### [THE TASK]
Only some lines are wanted. Transcribe, exactly, the lines below from the line with "cf火麒麟和麒麟哪個(gè)早？揭秘《穿越火線》經(jīng)典皮膚背后的歷史" up to and including the line with "Image processing method, image".

### [THE DATA]
::::

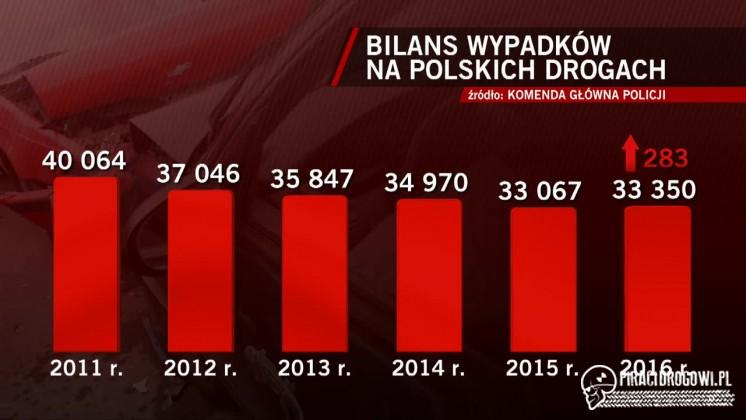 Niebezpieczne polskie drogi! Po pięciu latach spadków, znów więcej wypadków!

::::

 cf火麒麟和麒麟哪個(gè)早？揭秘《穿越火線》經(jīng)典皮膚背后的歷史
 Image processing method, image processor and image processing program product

::::

### [SOLVED PROBLEM]
 cf火麒麟和麒麟哪個(gè)早？揭秘《穿越火線》經(jīng)典皮膚背后的歷史
 Image processing method, image processor and image processing program product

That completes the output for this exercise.